BROWN: “Right before I worked at Webvan, I don’t know if anybody recalls that?”

HOST: “I do, from the dot-com era.”

BROWN: “From the dot-com era, so I worked at Webvan and worked in transportation over there and training.  Webvan was one of those innovators that was a little bit before its time.  The Bay Area and the other markets they set up shop in just weren’t ready for it.  I had a good experience there, learned a lot from the e-commerce side.  Prior to that, I worked at Arthur Anderson, worked in accounting.  I also worked in entertainment as a personal manager, tour manager, even had an independent record label at one time.  You just take all those experiences and then you apply them to the next goal, the next job and it’s been a wild ride but it’s been wonderful.”

HOST: “Part of your ride here at BART really started out as being a Station Agent.  What was that experience like?”

BROWN: “That was a little eye-opening experience.  I would ride BART periodically, I’ve been in the Bay Area since 1986, originally from Louisiana.  Once I started working here and actually riding the system every day and dealing with the public.  Started in 2001 so I’ve seen the heights of the Bay Area economy the lows of the Bay Area economy, the housing market crash, 9-11.  You experience a lot over that time.  You come in and you see little kids in strollers and years later they’re off to college.  It’s a wonderful experience and you start to appreciate because there’s so many walks of life that we deal with at BART.  We deal with everyone across the globe on a global scale and so dealing with the public, it can be challenging at times but other times its rewarding.  Seeing your regular commuters every day and having conversations with them.  Celebrating birthdays, they’ll find out when your birthday is, bring you some cupcakes or cookies and stuff so it has its pluses but overall it’s a great experience.”

HOST: “Was it worthwhile for you to have the frontline experience that one gets as being a Station Agent, does that help you today because it’s not like you were doing that for a brief time and it’s not like you were at just one station?”

BROWN: “No, you’re right and that’s the thing.  I know a lot of people will see Station Agents and think that’s someone who works in a booth and in actuality a Station Agent actually manages the entire station.  They’re on the front line, that’s their office.  Anything that can go wrong at any given time, they’re the central person that gets information out.  If there’s an emergency they’re contacting BART Police or the fire department, they’re getting in contact with our control center and passing along the information.  But they’re not only the eyes and ears they troubleshoot a lot and they’re really the information source for BART.  Anyone who wants to know anything about BART or the Bay Area they’re that first face of BART out there and they’re really the spokespersons for BART at each station.  That gives you a lot of pride and a lot of people, like you said, they don’t know all that goes on at BART and the massive amount of teams that are behind the curtain.  That frontline employee, that Station Agent, that Train Operator, System Service Worker, BART Police, that’s who you interact with so you just want to make sure that’s the best experience for everyone across the board.”

HOST: “When you were a Station Agent, how many stations did you work at?”

BROWN: “Every single one, Chris.  You have your regular bided shifts when you start off and we have what’s called the extra board.  The extra board agent, same as the train operator, basically you fill in.  So, you might fill in on a day-to-day basis, a weekly basis but that can take you all over the system.  I’m one of the few in my tenure who worked every single station, every single shift so that gave me a vast amount of knowledge about station operations.  You learn the regions, you learn the different flows of patrons on any given day and, as you know, we are in the Bay Area so we have an abundance of sports teams, of events, music events, seasonal events, and so you just start learning throughout the year what to expect.  Downtime sometimes in the summer but then all the tourists arrive so you just go through it and you subconsciously figure out if I’m in the East Bay here’s what’s going on this time of season or if I’m in San Francisco, Oracle World or what have you and you just start putting it together and it becomes second nature.”


HOST: “I have to imagine that that sort of knowledge, that real world knowledge of how BART works you can only get that by experiencing it firsthand.
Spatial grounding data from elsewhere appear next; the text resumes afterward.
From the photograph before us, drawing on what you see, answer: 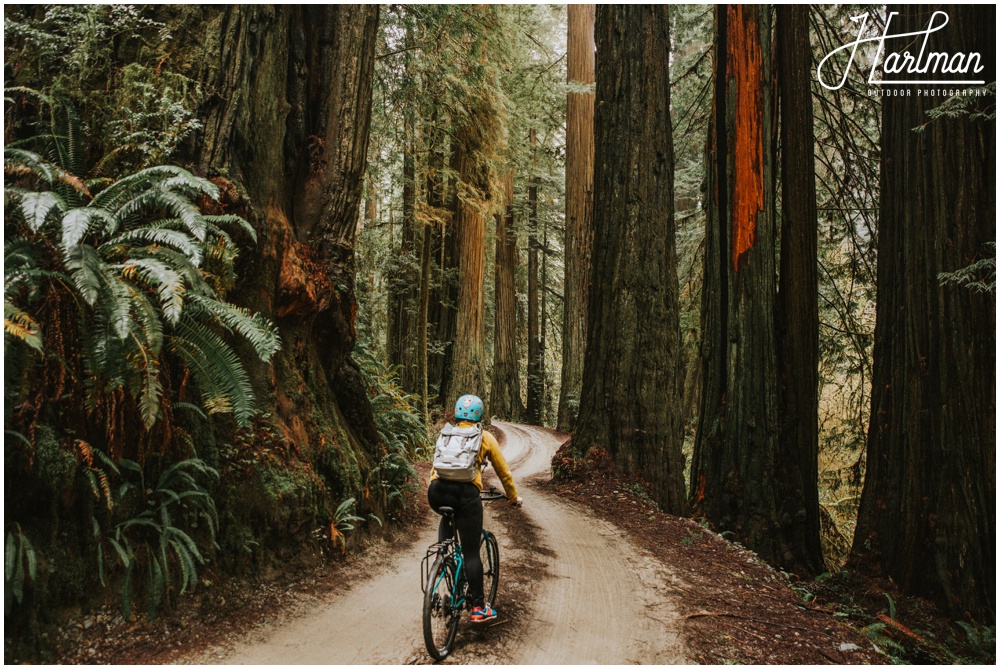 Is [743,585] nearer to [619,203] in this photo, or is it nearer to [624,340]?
[624,340]

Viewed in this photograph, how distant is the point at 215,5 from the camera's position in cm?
519

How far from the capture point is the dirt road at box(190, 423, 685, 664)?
360 centimetres

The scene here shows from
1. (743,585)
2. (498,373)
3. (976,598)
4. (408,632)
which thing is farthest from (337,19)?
(498,373)

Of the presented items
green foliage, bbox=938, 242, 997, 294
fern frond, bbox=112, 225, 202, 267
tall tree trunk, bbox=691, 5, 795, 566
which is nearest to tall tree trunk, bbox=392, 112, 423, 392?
tall tree trunk, bbox=691, 5, 795, 566

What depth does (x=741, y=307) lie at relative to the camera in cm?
700

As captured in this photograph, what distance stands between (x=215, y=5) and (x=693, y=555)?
6991 mm

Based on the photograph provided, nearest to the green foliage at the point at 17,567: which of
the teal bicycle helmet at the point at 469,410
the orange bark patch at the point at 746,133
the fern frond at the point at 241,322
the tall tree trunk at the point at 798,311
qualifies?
the fern frond at the point at 241,322

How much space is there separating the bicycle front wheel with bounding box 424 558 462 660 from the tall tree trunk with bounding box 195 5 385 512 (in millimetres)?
1911

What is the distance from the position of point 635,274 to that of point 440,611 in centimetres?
554

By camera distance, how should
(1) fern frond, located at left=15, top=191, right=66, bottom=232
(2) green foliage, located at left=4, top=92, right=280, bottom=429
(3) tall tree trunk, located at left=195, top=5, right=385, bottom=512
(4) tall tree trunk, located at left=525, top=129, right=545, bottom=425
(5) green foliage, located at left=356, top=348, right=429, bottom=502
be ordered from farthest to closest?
(4) tall tree trunk, located at left=525, top=129, right=545, bottom=425
(5) green foliage, located at left=356, top=348, right=429, bottom=502
(3) tall tree trunk, located at left=195, top=5, right=385, bottom=512
(2) green foliage, located at left=4, top=92, right=280, bottom=429
(1) fern frond, located at left=15, top=191, right=66, bottom=232

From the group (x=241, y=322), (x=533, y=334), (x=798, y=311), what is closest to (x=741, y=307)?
(x=798, y=311)

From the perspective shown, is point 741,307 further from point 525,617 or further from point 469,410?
point 525,617

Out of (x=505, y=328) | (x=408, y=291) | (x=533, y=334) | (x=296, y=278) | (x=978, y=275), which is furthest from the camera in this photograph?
(x=533, y=334)

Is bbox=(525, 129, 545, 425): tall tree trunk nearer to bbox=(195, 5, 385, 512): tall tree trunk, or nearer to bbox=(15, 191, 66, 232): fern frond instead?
bbox=(195, 5, 385, 512): tall tree trunk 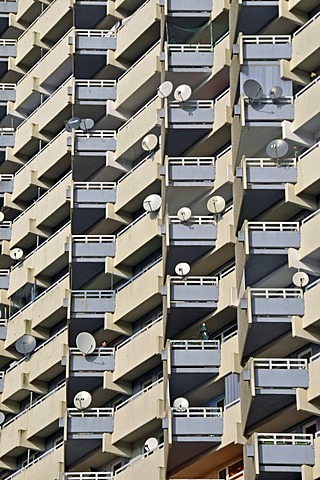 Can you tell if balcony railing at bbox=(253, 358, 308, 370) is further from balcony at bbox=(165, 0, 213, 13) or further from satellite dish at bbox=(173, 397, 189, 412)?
balcony at bbox=(165, 0, 213, 13)

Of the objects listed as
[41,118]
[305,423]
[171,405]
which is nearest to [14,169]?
[41,118]

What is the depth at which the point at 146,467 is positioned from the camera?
176 ft

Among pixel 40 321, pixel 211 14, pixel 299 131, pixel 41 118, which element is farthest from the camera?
pixel 41 118

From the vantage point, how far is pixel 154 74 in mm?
60844

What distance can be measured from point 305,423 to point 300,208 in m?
7.62

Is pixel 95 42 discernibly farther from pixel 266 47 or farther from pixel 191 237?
pixel 191 237

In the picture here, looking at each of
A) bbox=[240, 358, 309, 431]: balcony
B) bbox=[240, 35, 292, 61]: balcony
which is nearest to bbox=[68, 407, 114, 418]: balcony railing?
bbox=[240, 358, 309, 431]: balcony

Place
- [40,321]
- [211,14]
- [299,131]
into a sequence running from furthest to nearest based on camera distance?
[40,321]
[211,14]
[299,131]

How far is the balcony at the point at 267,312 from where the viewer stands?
1922 inches

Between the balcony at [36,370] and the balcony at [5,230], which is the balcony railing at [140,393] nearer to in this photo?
the balcony at [36,370]

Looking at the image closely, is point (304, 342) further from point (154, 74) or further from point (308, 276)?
point (154, 74)

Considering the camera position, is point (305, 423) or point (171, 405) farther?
point (171, 405)

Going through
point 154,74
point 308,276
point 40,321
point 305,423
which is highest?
point 154,74

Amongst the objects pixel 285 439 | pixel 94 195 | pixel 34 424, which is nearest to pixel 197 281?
pixel 285 439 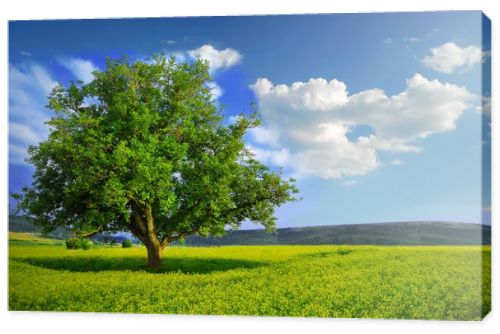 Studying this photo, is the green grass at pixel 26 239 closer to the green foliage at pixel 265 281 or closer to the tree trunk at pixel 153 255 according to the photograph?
the green foliage at pixel 265 281

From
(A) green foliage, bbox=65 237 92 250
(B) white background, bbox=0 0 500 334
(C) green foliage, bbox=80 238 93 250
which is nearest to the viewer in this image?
(B) white background, bbox=0 0 500 334

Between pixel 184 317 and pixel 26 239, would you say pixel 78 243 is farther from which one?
pixel 184 317

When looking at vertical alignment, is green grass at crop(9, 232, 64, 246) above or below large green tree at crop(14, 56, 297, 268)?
below

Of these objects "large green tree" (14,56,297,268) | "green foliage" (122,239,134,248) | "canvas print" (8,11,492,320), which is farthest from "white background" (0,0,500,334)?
"green foliage" (122,239,134,248)

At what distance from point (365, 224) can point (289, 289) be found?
6.65ft

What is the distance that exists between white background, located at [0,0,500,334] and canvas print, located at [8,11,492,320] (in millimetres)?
170

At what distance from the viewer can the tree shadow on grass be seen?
14.9 metres

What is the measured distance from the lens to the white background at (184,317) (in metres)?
12.8

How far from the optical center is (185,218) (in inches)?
591

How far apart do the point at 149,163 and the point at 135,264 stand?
2.52 m

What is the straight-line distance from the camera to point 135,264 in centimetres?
1538

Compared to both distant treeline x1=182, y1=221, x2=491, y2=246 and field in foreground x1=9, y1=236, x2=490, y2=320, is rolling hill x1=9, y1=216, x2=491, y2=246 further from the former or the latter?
field in foreground x1=9, y1=236, x2=490, y2=320

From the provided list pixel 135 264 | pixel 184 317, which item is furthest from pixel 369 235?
pixel 135 264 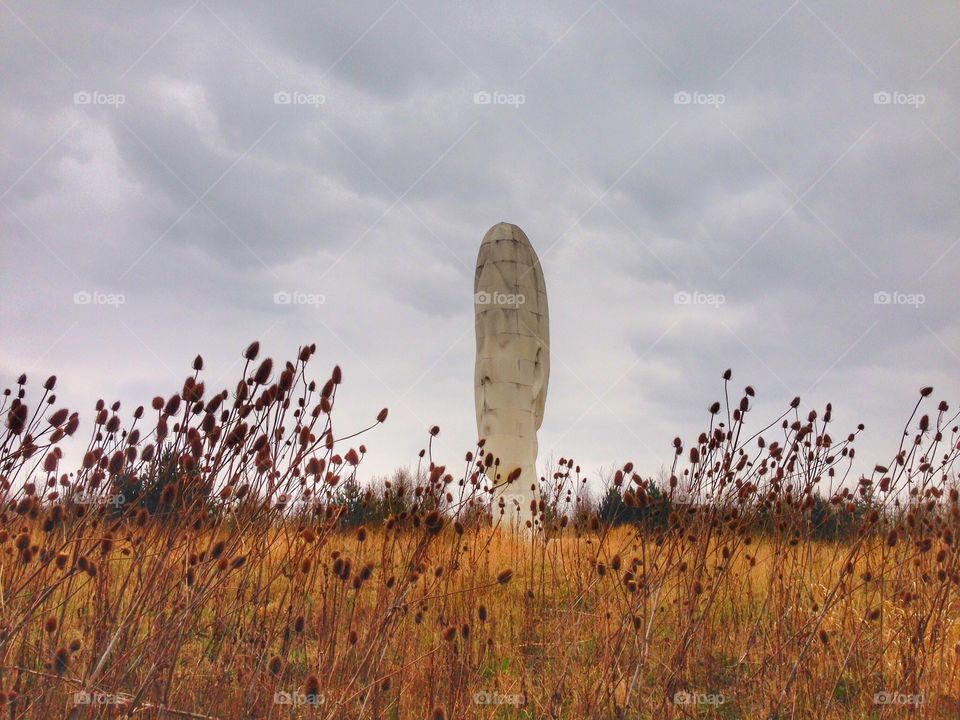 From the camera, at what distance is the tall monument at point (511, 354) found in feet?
37.6

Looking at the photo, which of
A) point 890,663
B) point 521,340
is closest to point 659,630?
point 890,663

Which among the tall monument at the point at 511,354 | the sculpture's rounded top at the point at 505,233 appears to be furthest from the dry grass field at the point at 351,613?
the sculpture's rounded top at the point at 505,233

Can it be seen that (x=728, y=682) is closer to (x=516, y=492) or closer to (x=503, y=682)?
(x=503, y=682)
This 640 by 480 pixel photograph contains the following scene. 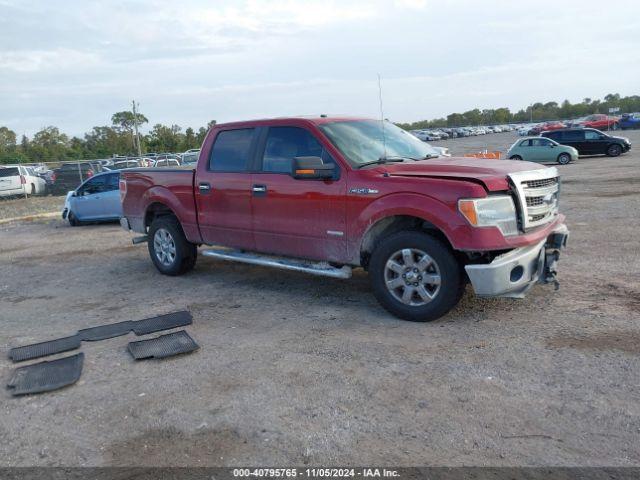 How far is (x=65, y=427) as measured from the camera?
3.85 metres

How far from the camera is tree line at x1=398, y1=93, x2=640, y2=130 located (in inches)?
4146

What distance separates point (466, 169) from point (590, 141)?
1061 inches

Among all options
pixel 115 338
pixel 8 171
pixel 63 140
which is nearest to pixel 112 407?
pixel 115 338

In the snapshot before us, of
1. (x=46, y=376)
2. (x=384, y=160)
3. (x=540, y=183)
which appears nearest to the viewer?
(x=46, y=376)

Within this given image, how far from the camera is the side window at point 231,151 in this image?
6.89 m

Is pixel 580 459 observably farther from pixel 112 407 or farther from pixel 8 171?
pixel 8 171

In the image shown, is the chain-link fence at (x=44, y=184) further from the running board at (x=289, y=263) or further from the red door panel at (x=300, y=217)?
the red door panel at (x=300, y=217)

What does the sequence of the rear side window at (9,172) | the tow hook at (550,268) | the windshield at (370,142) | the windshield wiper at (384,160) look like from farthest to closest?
the rear side window at (9,172) → the windshield at (370,142) → the windshield wiper at (384,160) → the tow hook at (550,268)

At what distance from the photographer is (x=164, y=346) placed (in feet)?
17.0

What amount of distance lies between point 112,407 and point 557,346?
346 centimetres

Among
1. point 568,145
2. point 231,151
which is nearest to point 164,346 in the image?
point 231,151

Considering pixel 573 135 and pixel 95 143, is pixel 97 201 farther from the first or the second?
pixel 95 143

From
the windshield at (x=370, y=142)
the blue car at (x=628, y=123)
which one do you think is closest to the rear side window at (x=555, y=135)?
the windshield at (x=370, y=142)

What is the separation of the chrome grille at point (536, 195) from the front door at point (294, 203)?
66.0 inches
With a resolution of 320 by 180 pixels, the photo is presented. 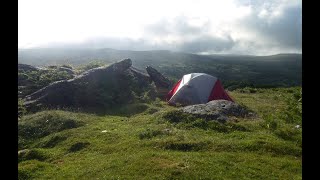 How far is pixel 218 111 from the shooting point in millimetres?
27250

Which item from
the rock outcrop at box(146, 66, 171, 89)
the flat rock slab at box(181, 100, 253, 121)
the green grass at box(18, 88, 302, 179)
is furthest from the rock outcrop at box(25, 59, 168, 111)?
the flat rock slab at box(181, 100, 253, 121)

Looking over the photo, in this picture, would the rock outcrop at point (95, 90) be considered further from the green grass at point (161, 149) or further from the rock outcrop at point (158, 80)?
the green grass at point (161, 149)

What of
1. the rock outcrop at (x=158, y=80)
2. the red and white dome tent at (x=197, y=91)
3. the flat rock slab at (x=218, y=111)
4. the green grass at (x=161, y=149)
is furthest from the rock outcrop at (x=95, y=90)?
the flat rock slab at (x=218, y=111)

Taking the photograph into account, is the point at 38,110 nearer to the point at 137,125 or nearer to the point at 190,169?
the point at 137,125

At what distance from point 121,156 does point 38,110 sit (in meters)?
16.0

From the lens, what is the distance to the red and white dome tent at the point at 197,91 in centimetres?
3591

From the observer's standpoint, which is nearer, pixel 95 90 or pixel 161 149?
pixel 161 149

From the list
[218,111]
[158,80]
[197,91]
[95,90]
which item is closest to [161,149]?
[218,111]

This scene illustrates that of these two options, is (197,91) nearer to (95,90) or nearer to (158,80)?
(95,90)

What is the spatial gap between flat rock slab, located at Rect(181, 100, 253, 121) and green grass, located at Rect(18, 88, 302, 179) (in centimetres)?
101

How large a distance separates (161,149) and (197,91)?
16.9 meters

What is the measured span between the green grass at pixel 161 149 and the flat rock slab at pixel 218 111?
1.01 metres

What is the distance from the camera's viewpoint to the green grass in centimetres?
1628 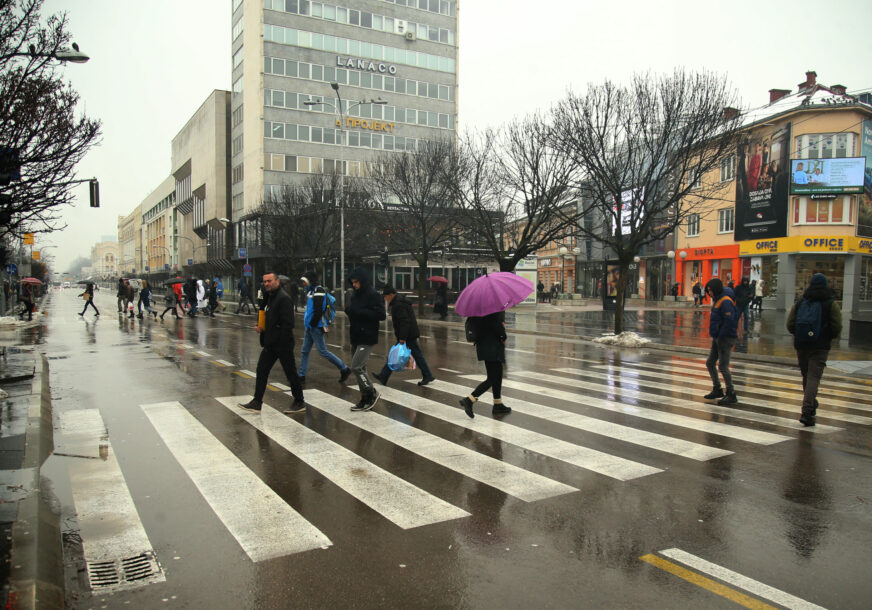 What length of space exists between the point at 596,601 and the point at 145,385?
29.0 ft

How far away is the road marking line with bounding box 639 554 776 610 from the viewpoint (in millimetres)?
3180

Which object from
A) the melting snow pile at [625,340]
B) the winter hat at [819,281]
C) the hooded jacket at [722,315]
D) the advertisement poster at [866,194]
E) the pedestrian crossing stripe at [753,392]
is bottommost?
the melting snow pile at [625,340]

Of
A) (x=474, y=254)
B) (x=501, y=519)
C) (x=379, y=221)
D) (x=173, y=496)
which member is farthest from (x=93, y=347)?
(x=474, y=254)

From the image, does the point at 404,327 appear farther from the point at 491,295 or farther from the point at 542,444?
the point at 542,444

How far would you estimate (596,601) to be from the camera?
3.22m

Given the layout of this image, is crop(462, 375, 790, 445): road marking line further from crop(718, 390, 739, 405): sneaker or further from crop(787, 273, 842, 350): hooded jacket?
crop(787, 273, 842, 350): hooded jacket

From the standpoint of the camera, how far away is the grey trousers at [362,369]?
26.3 ft

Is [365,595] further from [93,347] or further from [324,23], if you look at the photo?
[324,23]

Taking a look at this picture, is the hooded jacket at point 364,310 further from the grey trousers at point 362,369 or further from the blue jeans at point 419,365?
the blue jeans at point 419,365

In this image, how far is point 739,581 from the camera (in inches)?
135

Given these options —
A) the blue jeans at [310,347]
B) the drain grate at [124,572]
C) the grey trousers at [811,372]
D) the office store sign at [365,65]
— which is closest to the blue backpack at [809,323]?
the grey trousers at [811,372]

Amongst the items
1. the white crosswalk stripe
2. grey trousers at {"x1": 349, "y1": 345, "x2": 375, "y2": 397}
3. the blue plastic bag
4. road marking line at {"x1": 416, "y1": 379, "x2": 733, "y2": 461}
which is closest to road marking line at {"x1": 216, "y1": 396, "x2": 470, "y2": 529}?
grey trousers at {"x1": 349, "y1": 345, "x2": 375, "y2": 397}

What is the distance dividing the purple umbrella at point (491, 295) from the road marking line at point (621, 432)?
1.52 metres

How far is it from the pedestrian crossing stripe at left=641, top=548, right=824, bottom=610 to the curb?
3.41 meters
I have to imagine that’s really valuable for you today as you bring all of these different departments together and really help to implement things because you know how things go in the real world of BART.”

BROWN: “Exactly.  All the departments work together on some level or another but when you’re doing planning, planning out projects or rolling out new processes or procedures or policies you have that real-world experience or frontline experience to say hey, ‘this will work in this situation but it won’t work over here.’  That way we’re not making mistakes, we’re not guessing and throwing it out there to backfire on us.  That’s the good part.  I’ve lived it and I still have the relationships out there, I’m still out there day to day.  Like I said, I could be anywhere from five stations in a day to 20 stations in a day.  You still see what’s going on out there, you have a pulse on it and that information is really valuable to make sure we’re not making critical mistakes going forward.”

HOST: “I’m speaking with Phaethon Brown, Manager of Transportation and Station Operations here at BART.  After your time as a Station Agent, you were promoted to Transportation Supervisor.  Tell me about that, what did that position entail?”

BROWN: “Transportation Supervisor basically you oversee our first level of supervisors, our Operations Foreworkers.  It’s roughly maybe about 70 foreworkers and that’s for maybe almost a thousand employees.  They handle the day-to-day scheduling and attendance and they also handle the dispatching of our trains in our train yards and our TM zones.  So, a Transportation Supervisor basically oversees all of that from the direction of the assistant chiefs.  We have four assistant chiefs of train transportation and they’re on each line.  All of our lines and in central.  Basically, you’re making sure that everyone is abiding by the policies and procedures, any payroll issues, making sure the training is done in a timely fashion and implemented, and working with the public and working with other departments as well for projects that might just pertain to your line.  Any new construction that’s going on, any scheduled shutdowns and maintenance you’re just on the pulse of it to make sure everything runs smooth.”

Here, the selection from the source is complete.